[68Ga]DOTA-TOC for tumor imaging
Ga-68-DOTA-TOC is being developed through an IND for use in healthy subjects and will eventually be employed in the clinical management of a range of oncologic and non-oncologic diseases in various capacities, including diagnosis, treatment planning, surveillance, and assessment of response to therapy.
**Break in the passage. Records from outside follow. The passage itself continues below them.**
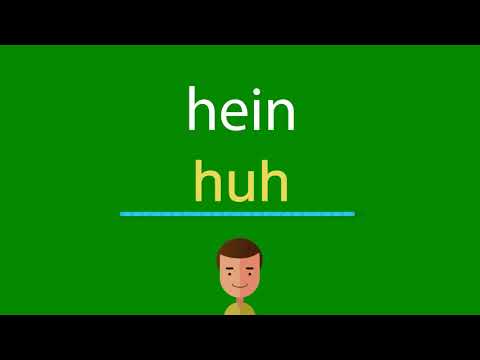 Como dizer hein em inglês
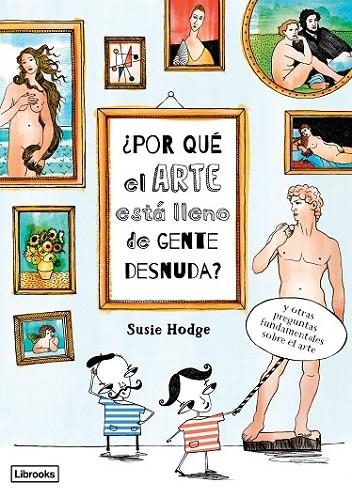 POR QUE EL ARTE ESTA LLENO DE GENTE DESNUDA | 9788494509568 | HODGE,SUSIE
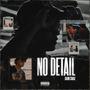 No Detail (Explicit)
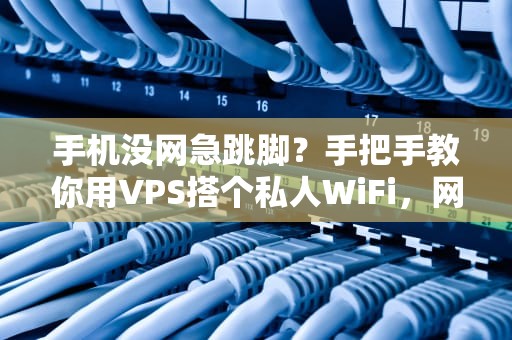 手机没网急跳脚？手把手教你用VPS搭个私人WiFi，网速快到飞起！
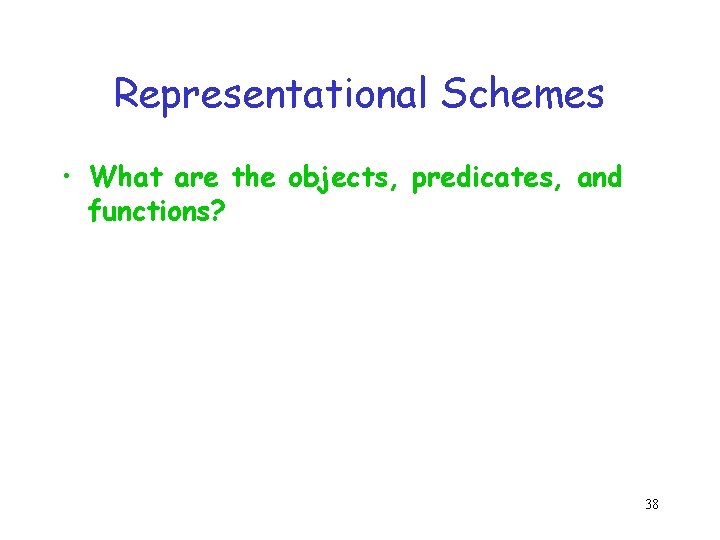 Representational Schemes • What are the objects, predicates, and functions? 38 Representational Schemes • What are the objects, predicates, and functions? 38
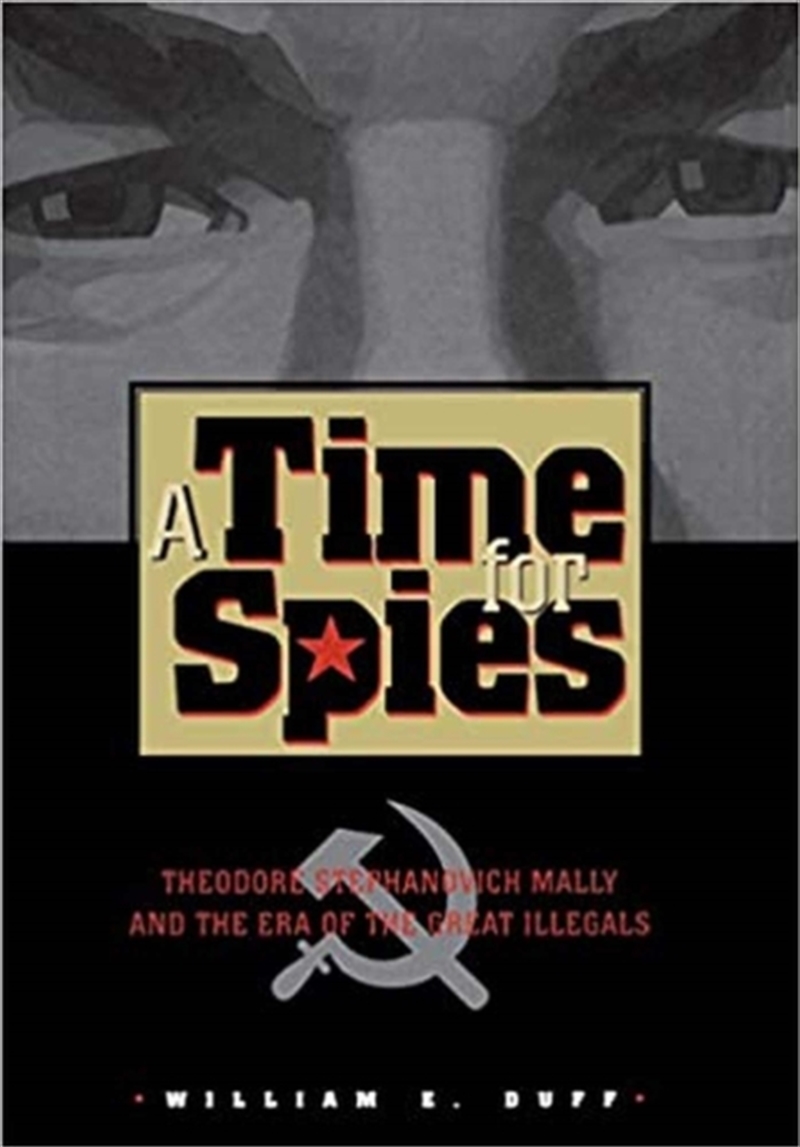 A Time for Spies : Theodore Stephanovich Mally and the Era of the Great Illegals/Product Detail/Politics & Government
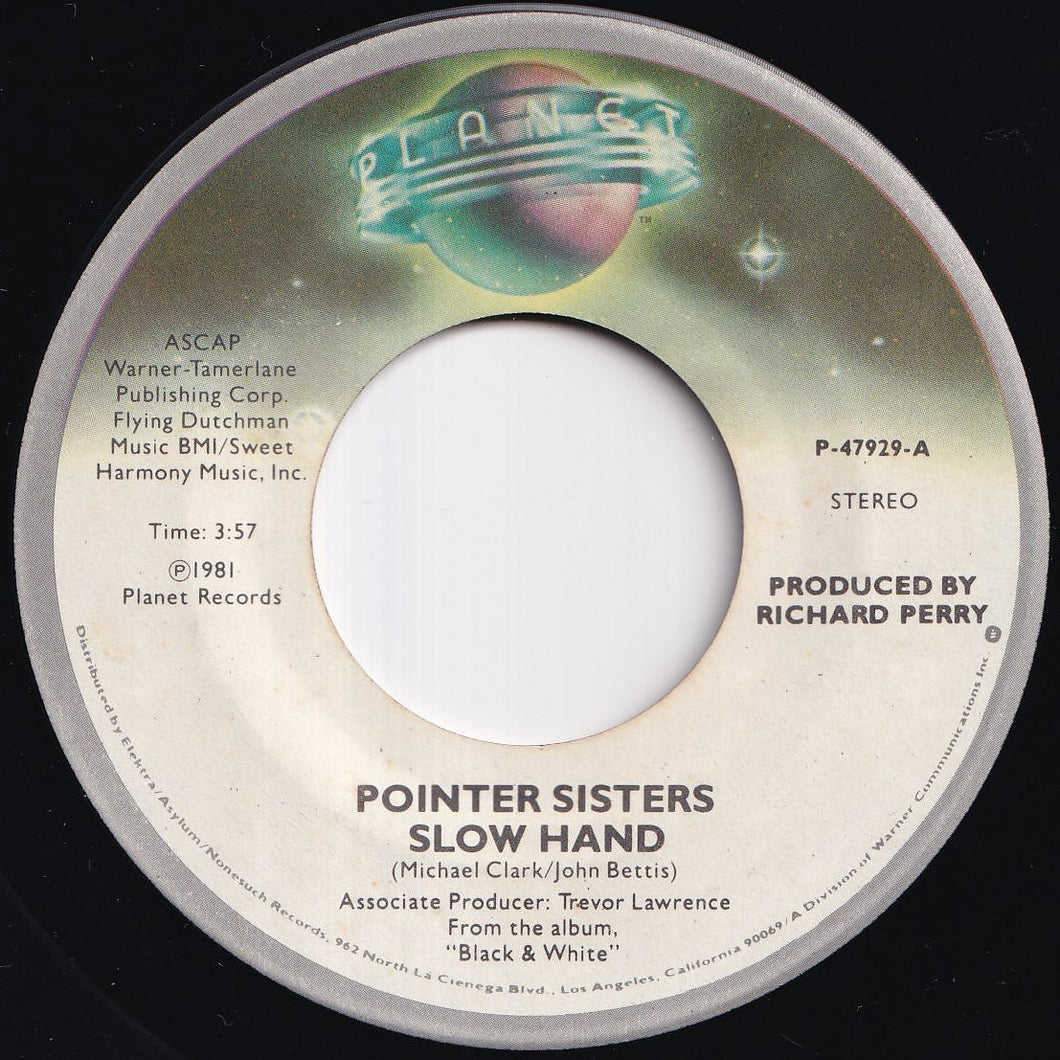 Pointer Sisters - Slow Hand / Holdin' Out For Love (7 inch Record / Used)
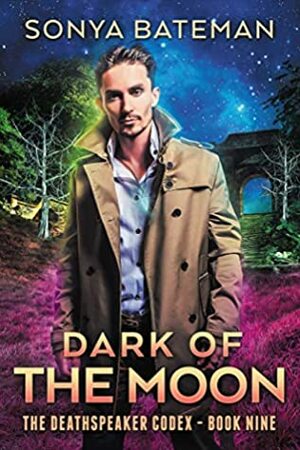 Dark of the Moon by Sonya Bateman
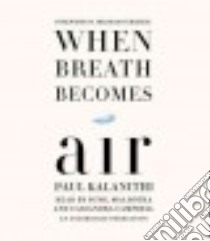 When Breath Becomes Air (CD Audiobook) libro in lingua di Kalanithi Paul, Verghese Abraham (FRW), Malhotra Sunil (NRT), Campbell Cassandra (NRT)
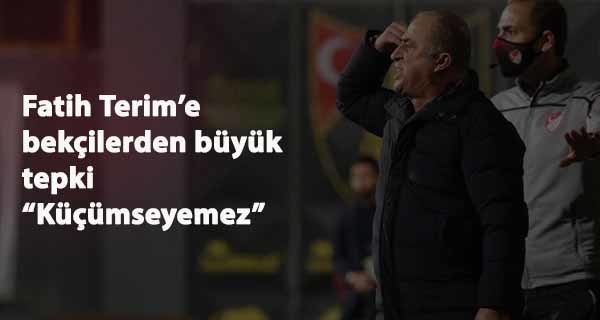 Bekçilerden Fatih Terim'in sözlerine tepki
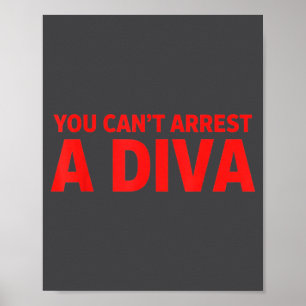 Poster Você Não Pode Prender Uma Diva Sy Atitude Citação 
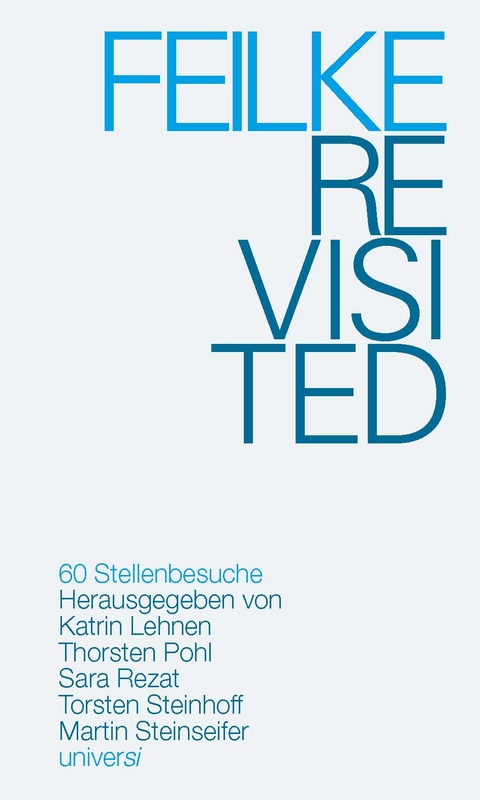 FEILKE REVISITED - 60 Stellenbesuche - 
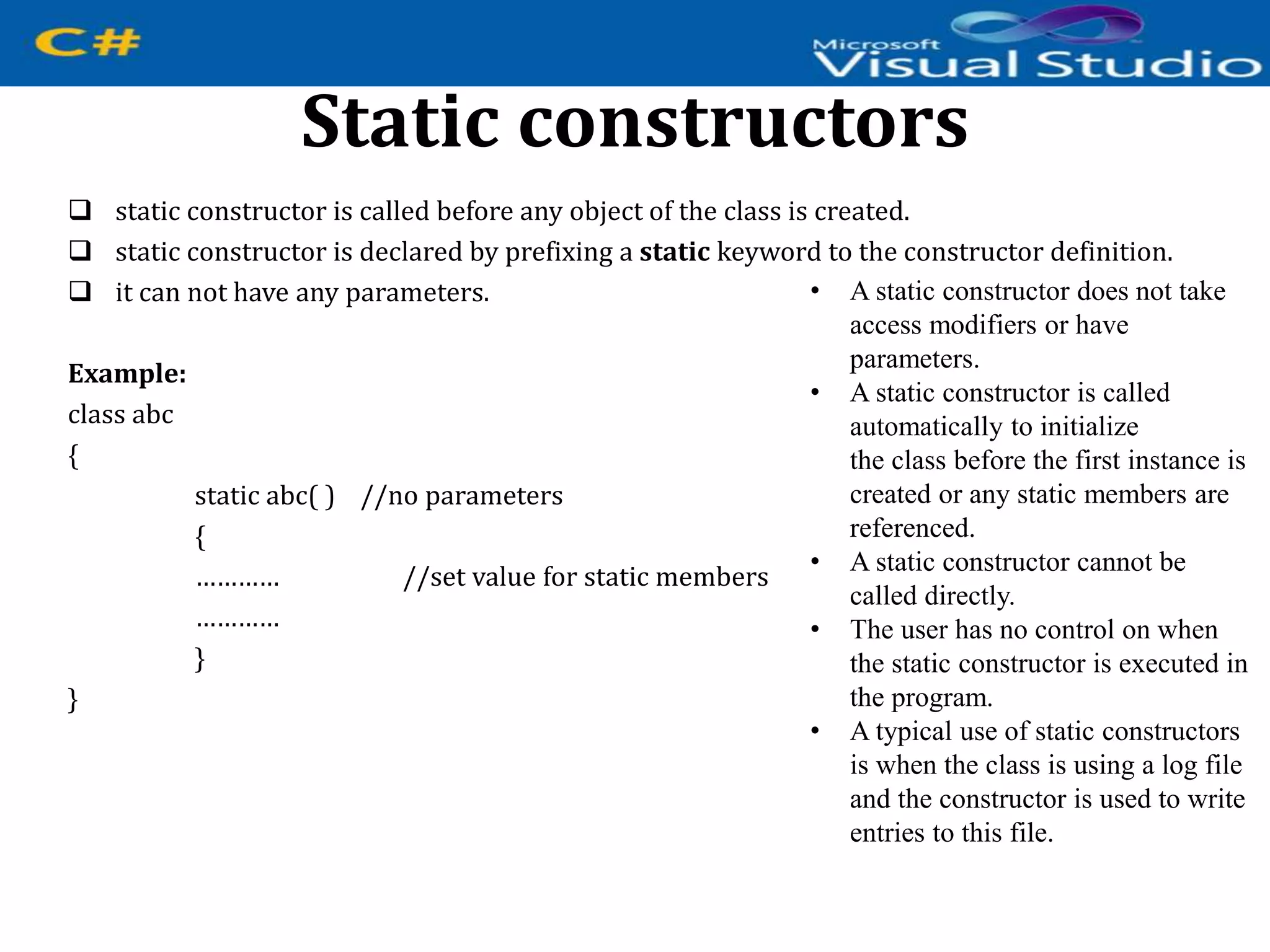 Static constructors
 static constructor is called before any object of the class is created.
 static constructor is declared by prefixing a static keyword to the constructor definition.
 it can not have any parameters.
Example:
class abc
{
static abc( ) //no parameters
{
………… //set value for static members
…………
}
}
• A static constructor does not take
access modifiers or have
parameters.
• A static constructor is called
automatically to initialize
the class before the first instance is
created or any static members are
referenced.
• A static constructor cannot be
called directly.
• The user has no control on when
the static constructor is executed in
the program.
• A typical use of static constructors
is when the class is using a log file
and the constructor is used to write
entries to this file.
 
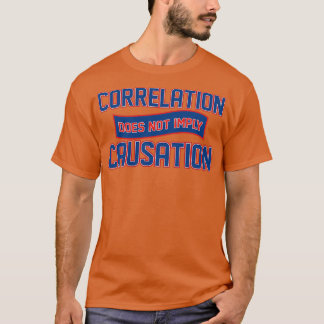 Correlation does not imply causation 2 T-Shirt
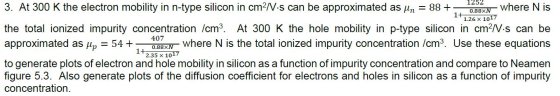 1252 407 3. At 300 K the electron mobility in n-type silicon in cm?N.s can be approximated as un = 88+ - 0.88*n where N is 1+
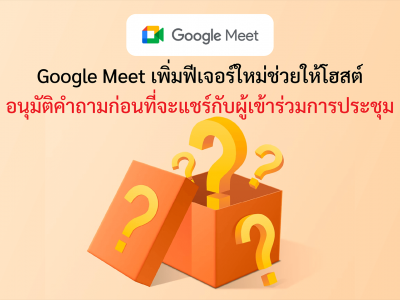 Google Meet เพิ่มฟีเจอร์ใหม่ช่วยให้โฮสต์อนุมัติคำถามก่อนที่จะแชร์กับผู้เข้าร่วมการประชุม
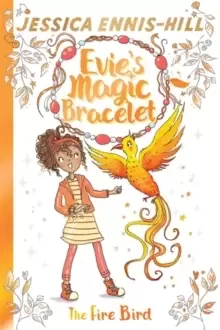 Image of Evie's Magic Bracelet: The Fire Bird : Book 6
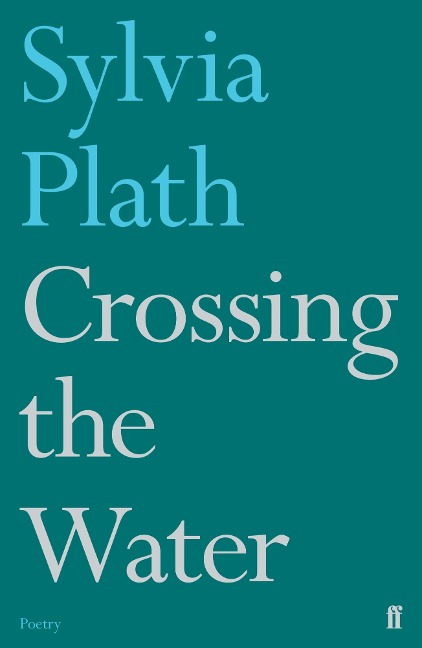 Crossing the Water - Sylvia Plath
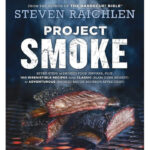 grilling cookbooks - Project Smoke: Seven Steps to Smoked Food Nirvana, Plus 100 Irresistible Recipes from Classic to Adventurous Steven Raichlen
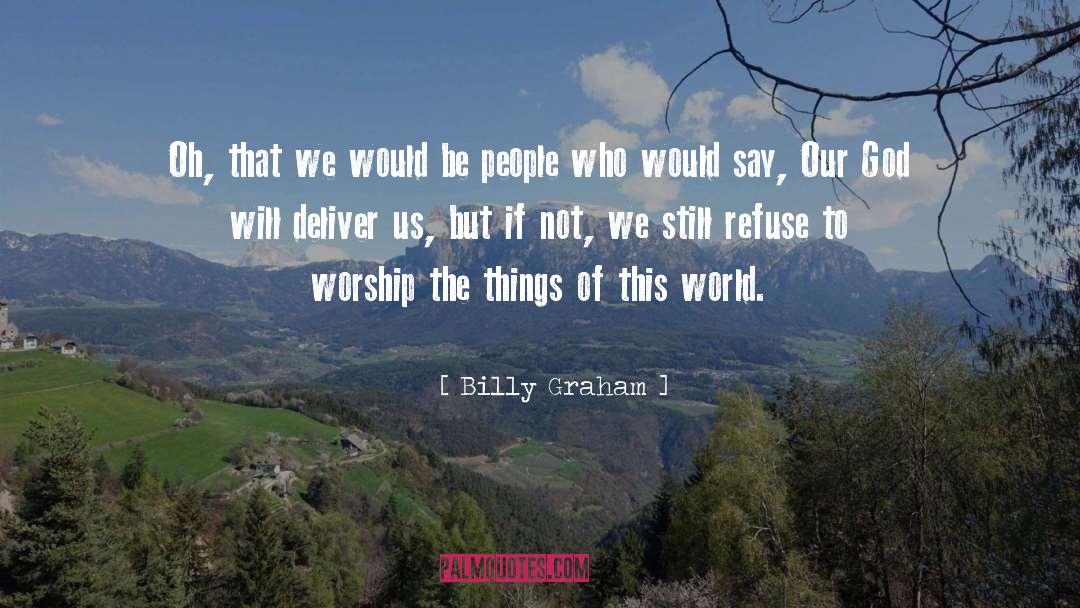 Knowing Things quotes by Billy Graham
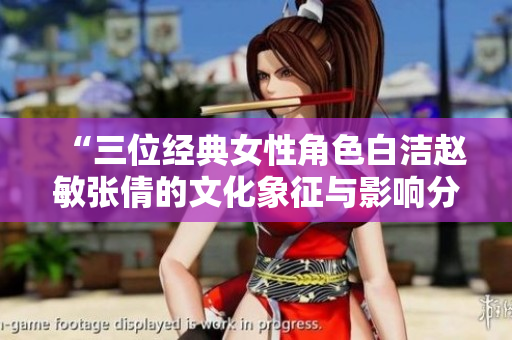 “三位经典女性角色白洁赵敏张倩的文化象征与影响分析”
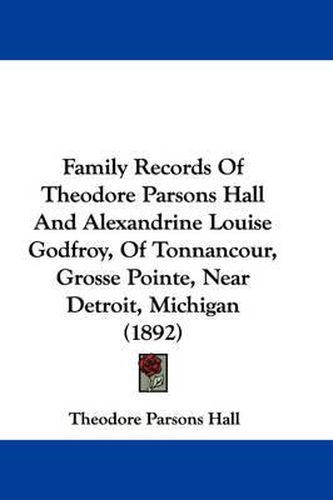 Cover image for Family Records of Theodore Parsons Hall and Alexandrine Louise Godfroy, of Tonnancour, Grosse Pointe, Near Detroit, Michigan (1892)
Ga-68-DOTA-TOC (or edotreotide Ga-68 Injection) is a radiolabeled, receptor-targeted, tumor imaging agent for PET. It uses a peptide mimetic, somatostatin, of the natural inhibitory hormone to target somatostatin receptors to image tumors. Somatostatin receptors (SSTRs) are frequently overexpressed on human tumor cells. The short half-life of Ga-68 (67.7 min), high SSTR selectivity of TOC and rapid background clearance, make Ga-68-DOTA-TOC an ideal radiotracer for receptor PET imaging.
The I3 is supporting the development of Ga-68-DOTA-TOC for human studies under the investigational new drug (IND) mechanism.
Ga-68-DOTA-TOC has the advantage over other imaging agents such as the In-111-pentetreotide, with the concordant higher resolution and sensitivity of positron emission tomography (PET) in comparison with single photon emission computed tomography (SPECT). Additionally, background activity is reduced, further improving image quality. In addition the shorter half-life of Ga-68 allows repeat administrations and a reduced radiation exposure to the patient. The short-lived Ga-68 can be obtained from its long-lived parent Ge-68 from a commercial isotope generator that avoids the cost and maintenance of on a site cyclotron. The relatively simple and rapid labeling of DOTA-TOC can be performed on an everyday basis, allowing its use to broadly help clinical and research efforts at MGH.